In your question, you state that aerodynamic resistance is basically how much the roughness of the surface slows air movement down. This statement is not correct, and it seems to stem from the misinterpretation of context.

A monograph by De Groot (1963) also shows that molecular transfer processes have the general form analogous to the electric circuit shown by @Deditos' answer:

$$ Flux = \dfrac{Force}{Resistance} $$

This is also true for air-sea and other general fluid-fluid interfaces. Flux is the transfer of a quantity (say, momentum, enthalpy, mass, etc.) through the interface and the associated boundary layers (say, air, water, canopy, soil, etc.). In the electric circuit analogy, force has the character of potential gradient and resistance has that of the inverse conductivity. The important point to be made here is that resistance is not resistance of interface to the aerodynamic flow - what we would intuitively imagine as friction or stress. It is in fact, resistance of the interface to the forcing. In case of momentum, this means that given equal forcing, higher resistance yields lower flux.
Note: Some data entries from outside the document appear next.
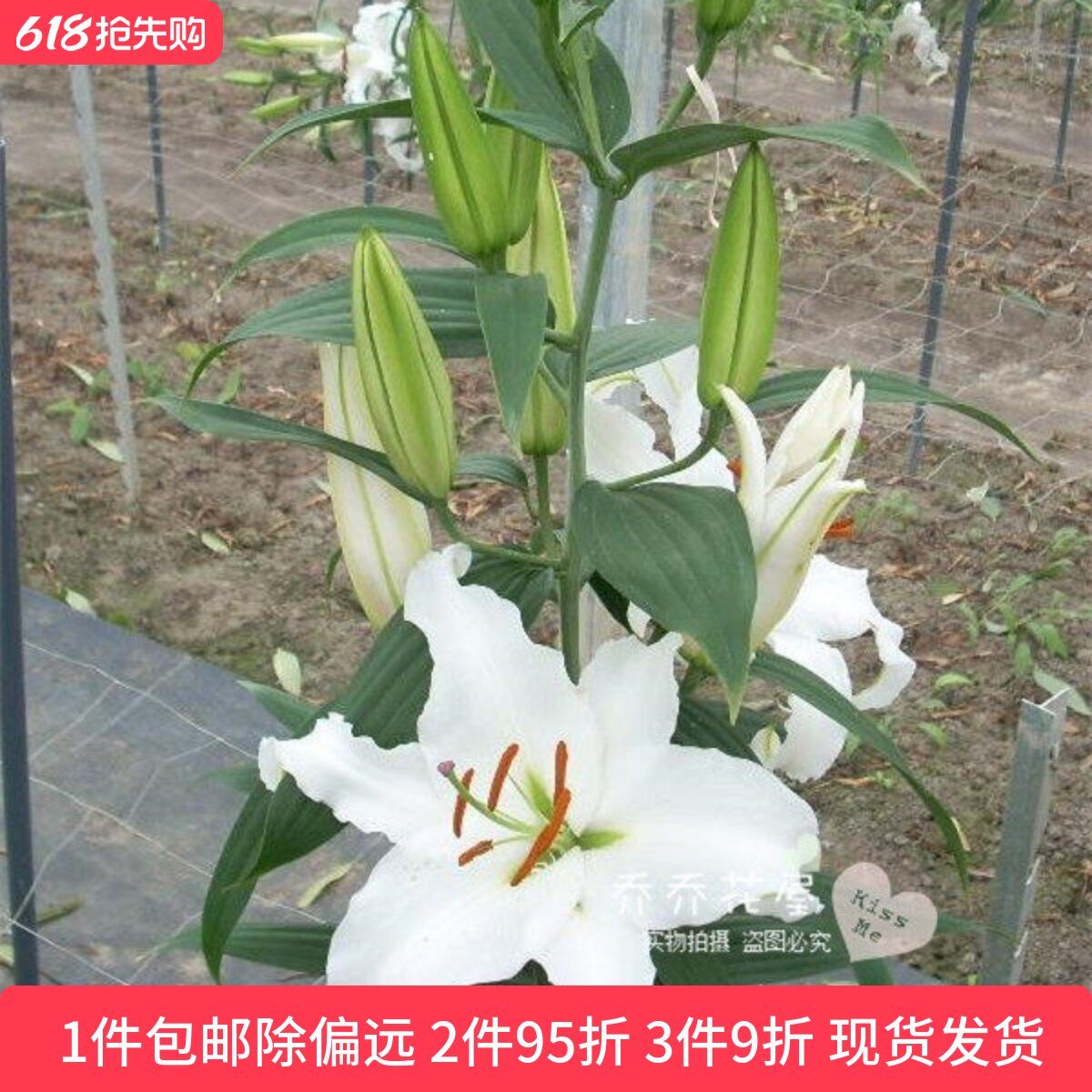 乔乔花屋 荷兰进口香水百合花种球O系列经典款西伯利亚 3粒装现货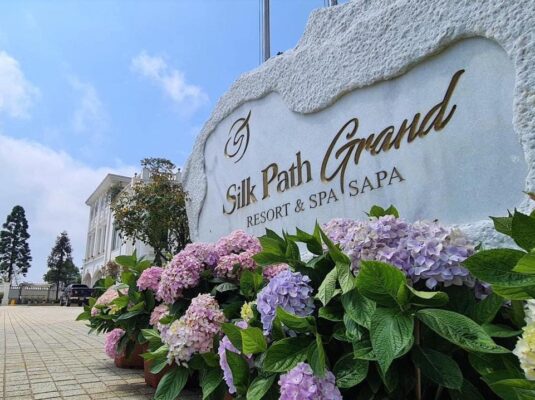 Hoa Cẩm Tú Cầu và hoa Hồng Cổ Sapa là các loại đặc trưng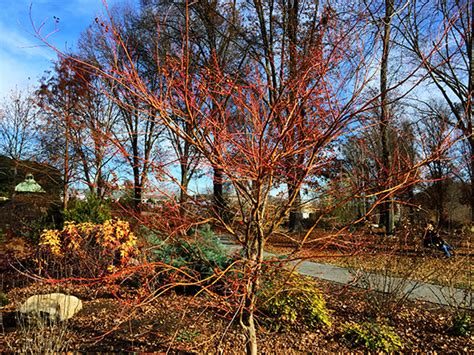 Ut Gardens January 2017 Plant Of The Month Japanese Maple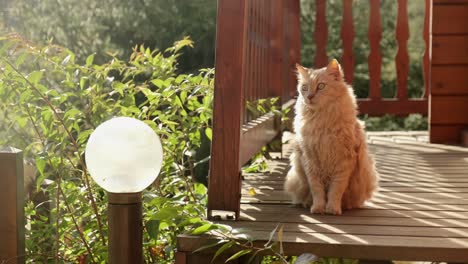 beautiful ginger cat standing on a cabin deck with luscious bushes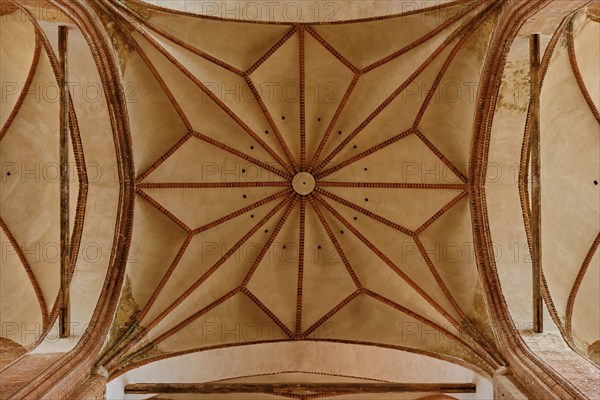 Star vault above the crossing of the Georgenkirche, Old Town Hanseatic City of Wismar,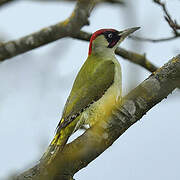 European Green Woodpecker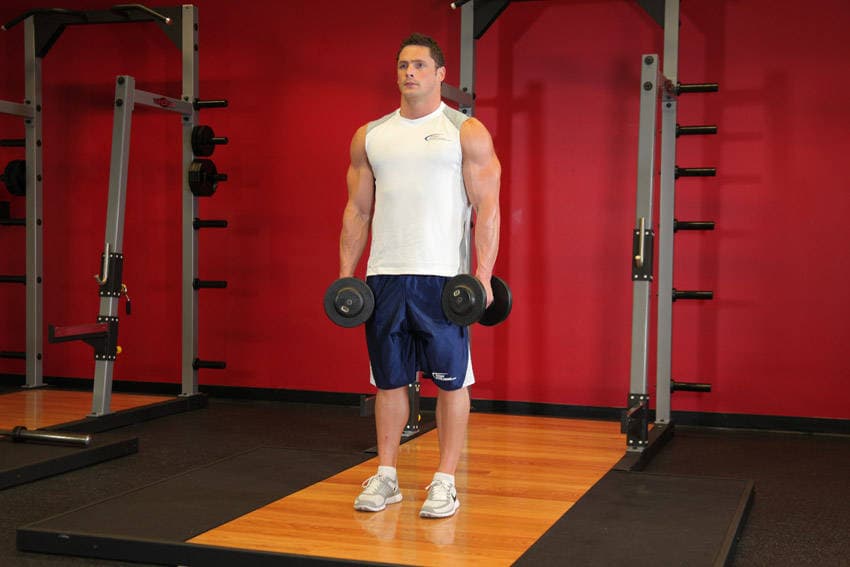 Dumbbell Shrug, start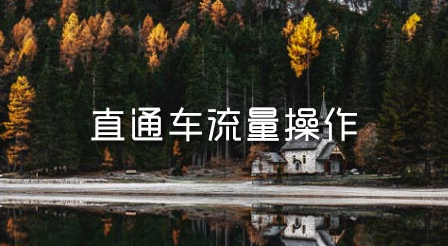 淘宝直通车出价怎么优化？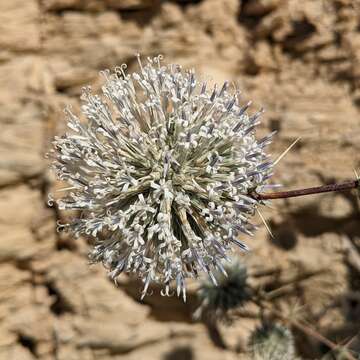 Image of Echinops erinaceus Kit Tan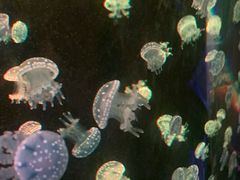 -欢乐海岸海洋奇梦馆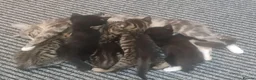 British Shorthair cats for sale: A beautiful litter of 5 kittens British Shorthair - Advert 3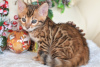 Photo №3. Gorgeous Bengal kittens available!. Belarus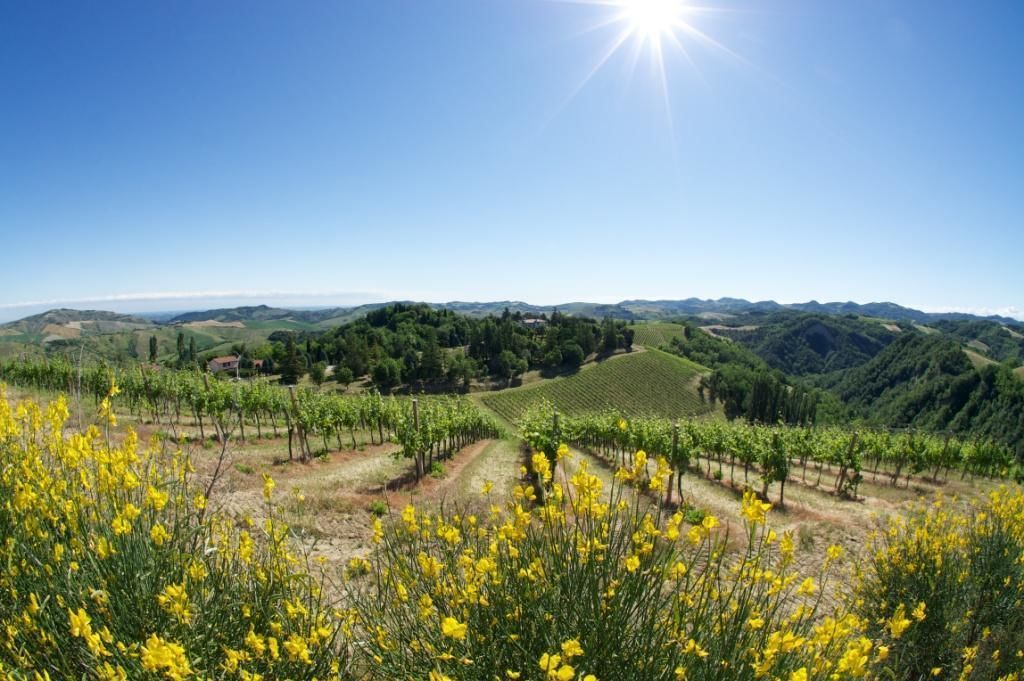 Paisaje de viñedo con hileras de parras y flores amarillas en primer plano.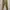 ZARA Minimalist Casual Casual trouser Wanita tan brown photo 3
Thus, lower resistance translates to rougher surface. This is why forest has lower resistance values than grass or open ocean.

Example: Given equal forcing, rougher surface results in higher stress compared to smoother surface. It can be said that the rougher surface is "more permitting", or "less resistant" of momentum flux.

In the electric circuit analogy, Flux, Force and Resistance are symbolic, conceptual entities. Force is not necessarily in $\rm N$, and may be a temperature or humidity gradient like it is given on slide 16 in the presentation you linked. Resistance may thus take different formulations.

Note that nowadays, in both modeling and theory, we often use exchange coefficients to characterize momentum $(C_{D})$ and enthalpy $(C_H$, $C_E)$ fluxes through the interface, which act as conductivity and not resistance. For example, in case of momentum:

$$ \boldsymbol{\tau} = \rho C_{D}|\mathbf{U}|\mathbf{U} $$

where $\boldsymbol{\tau}$ $(\mathrm{N/m^{2}})$ is vertical flux of horizontal momentum (wind stress), $\rho$ $(\mathrm{kg/m^{3}})$ is air density and $\mathbf{U}$ $(\mathrm{m/s})$ is wind vector at some reference height above the surface. $C_{D}$ (non-dimensional) has different values depending on the surface properties.

In that particular presentation that you linked in your question, it is not clear to me why resistance $r_a$ has units of $\mathrm{s\ m^{-1}}$. For sensible and latent heat flux $\mathrm{ (W / m^2) }$ formulations on slide 16, the units don't quite work out, but it is possible that the equations shown were more illustrative than exact. Because bulk flux formulae are most often based on theoretical, empirical and dimensional grounds, $r_{a}$ can be defined in various dimensions (units) depending on the bulk flux formulation.

Reference:

De Groot, S. R. Thermodynamics of Irreversible Processes. North Holland Publishing Co., 1963.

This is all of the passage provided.